● The task
Among the entries below, the lines from the one with "100 unidades Braçadeiras" up to and including the one with "1969 High Relief Large" are to be restated exactly, without pictures.

● Records supplied
--------------------------------
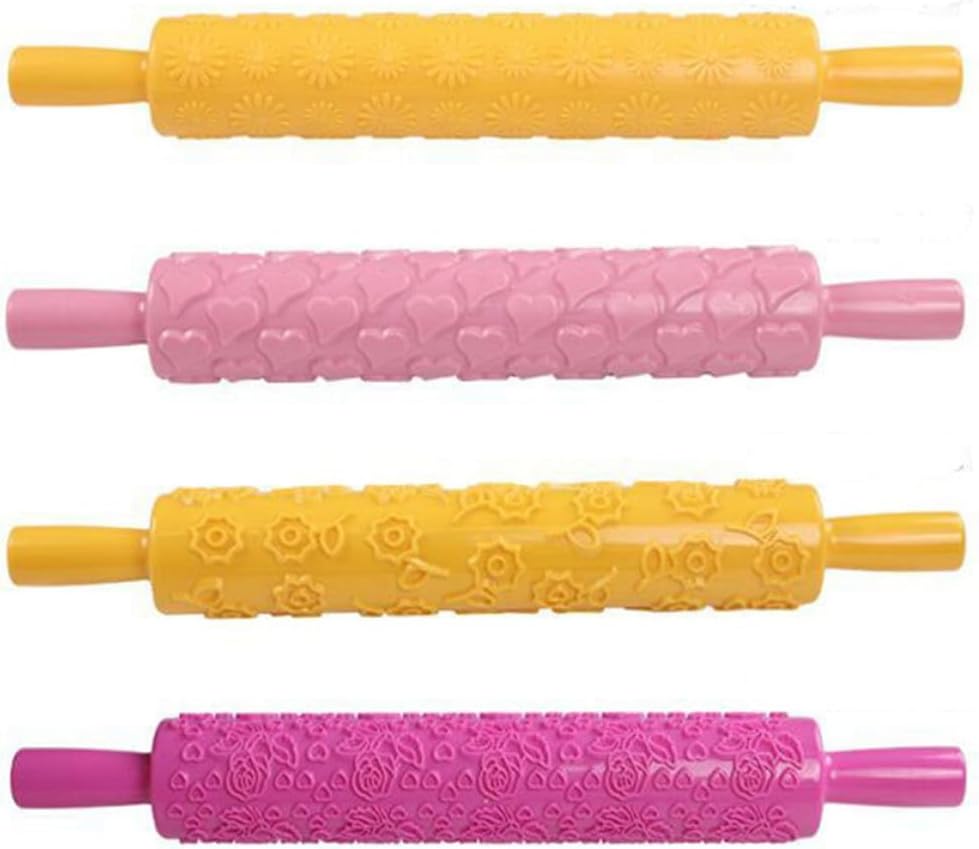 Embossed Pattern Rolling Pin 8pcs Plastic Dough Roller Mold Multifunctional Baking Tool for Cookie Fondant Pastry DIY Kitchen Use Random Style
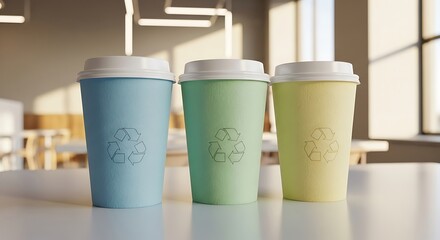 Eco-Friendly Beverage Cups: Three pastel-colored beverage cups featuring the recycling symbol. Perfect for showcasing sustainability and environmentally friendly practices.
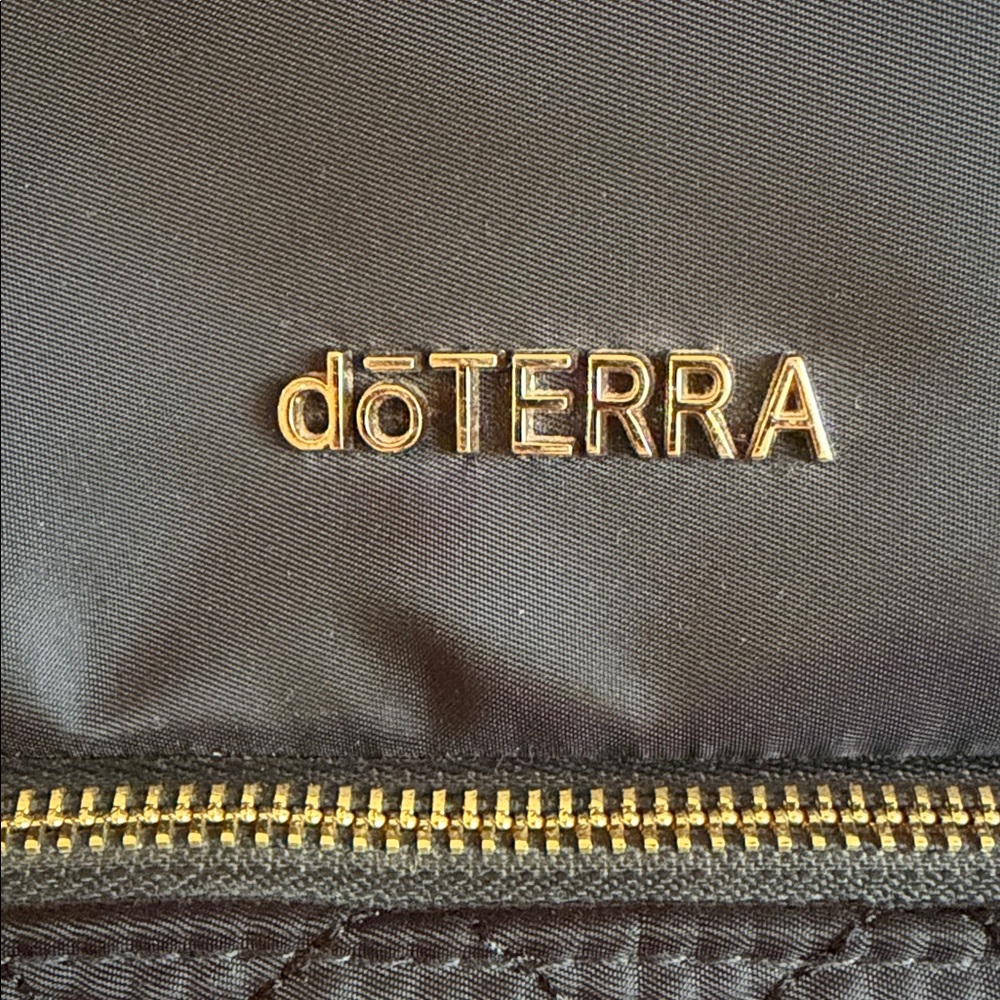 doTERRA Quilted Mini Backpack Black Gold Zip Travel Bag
--------------------------------
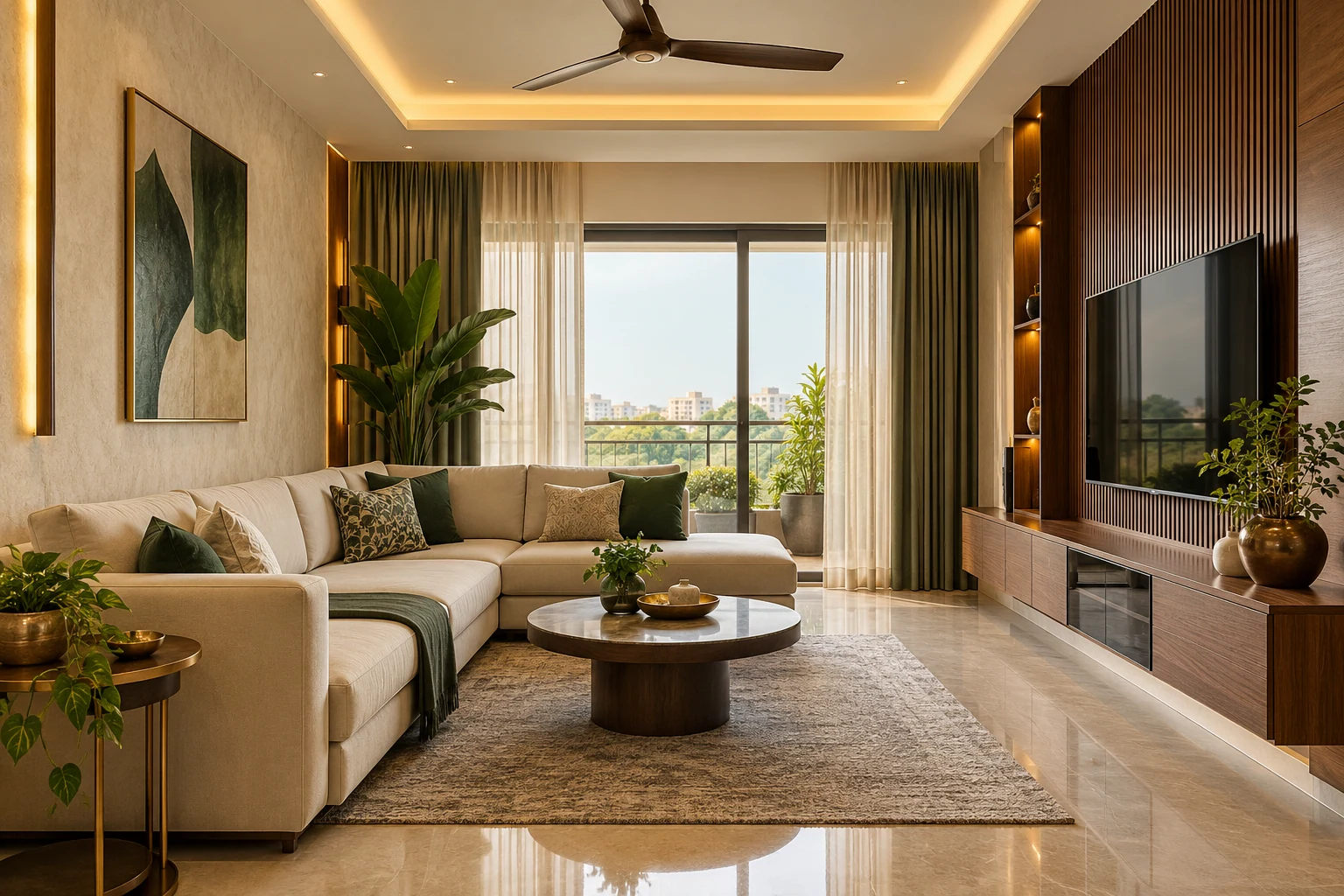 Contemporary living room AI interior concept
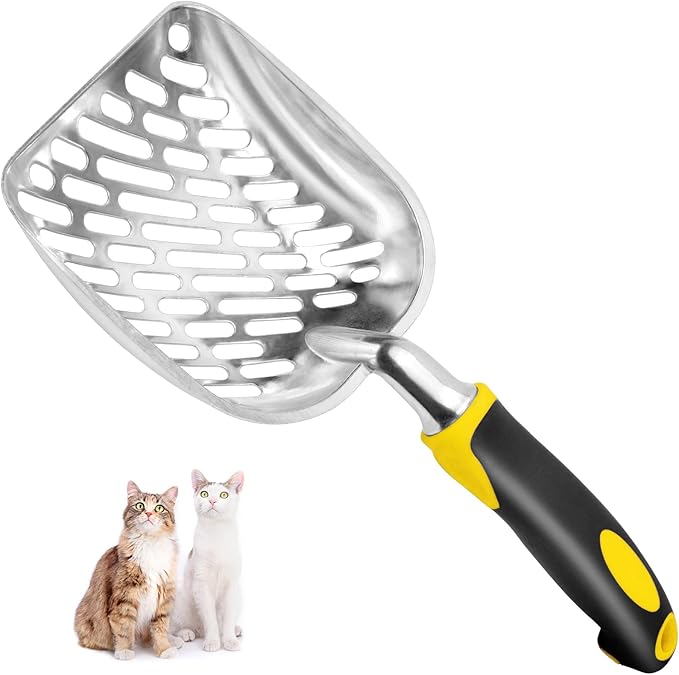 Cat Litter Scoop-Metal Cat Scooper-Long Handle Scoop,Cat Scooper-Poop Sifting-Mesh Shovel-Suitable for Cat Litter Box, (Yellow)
--------------------------------
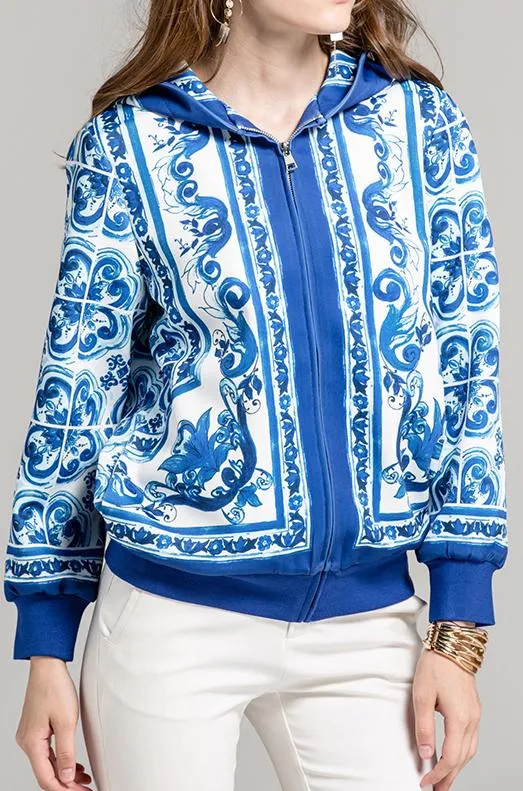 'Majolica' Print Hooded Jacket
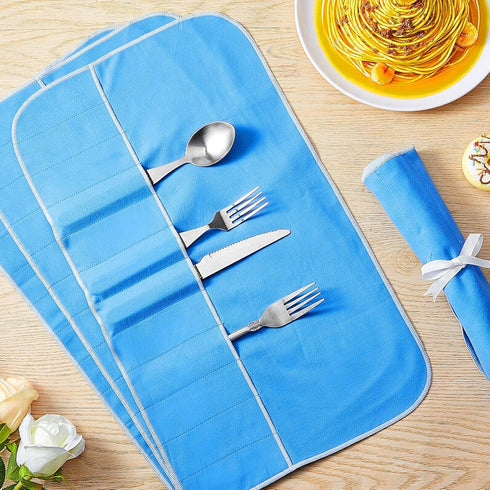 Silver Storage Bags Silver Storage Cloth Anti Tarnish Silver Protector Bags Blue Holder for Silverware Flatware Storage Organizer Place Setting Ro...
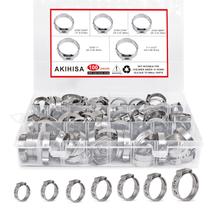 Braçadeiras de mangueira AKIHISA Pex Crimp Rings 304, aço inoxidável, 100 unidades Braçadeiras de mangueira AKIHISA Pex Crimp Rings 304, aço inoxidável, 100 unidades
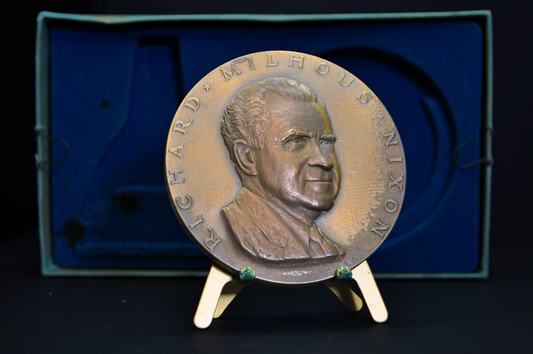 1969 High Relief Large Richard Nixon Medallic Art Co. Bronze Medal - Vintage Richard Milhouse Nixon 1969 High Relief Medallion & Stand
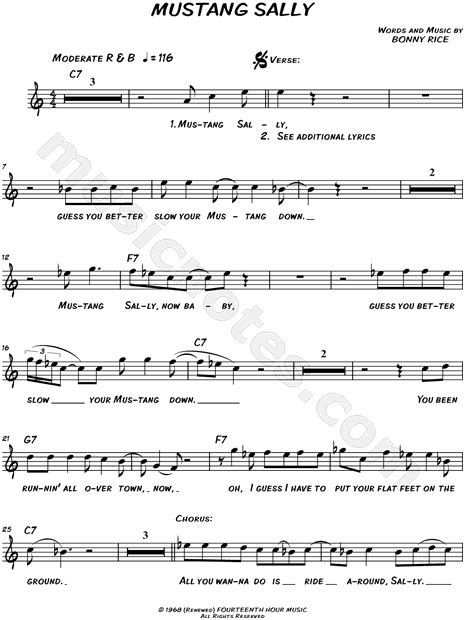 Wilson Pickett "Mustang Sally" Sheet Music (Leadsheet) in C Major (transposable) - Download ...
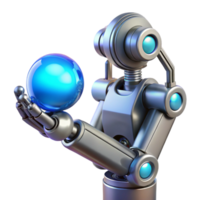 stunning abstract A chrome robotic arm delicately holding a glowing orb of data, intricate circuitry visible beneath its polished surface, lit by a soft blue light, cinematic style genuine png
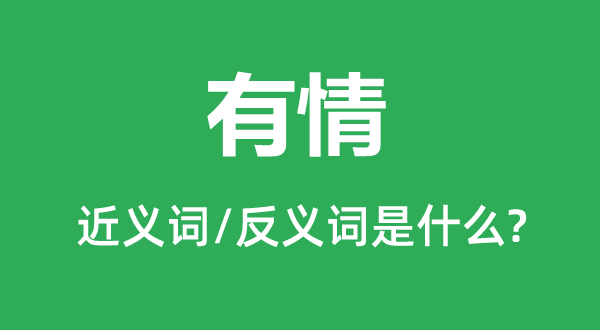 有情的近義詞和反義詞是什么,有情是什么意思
--------------------------------
● Exercise response
 Braçadeiras de mangueira AKIHISA Pex Crimp Rings 304, aço inoxidável, 100 unidades Braçadeiras de mangueira AKIHISA Pex Crimp Rings 304, aço inoxidável, 100 unidades
 1969 High Relief Large Richard Nixon Medallic Art Co. Bronze Medal - Vintage Richard Milhouse Nixon 1969 High Relief Medallion & Stand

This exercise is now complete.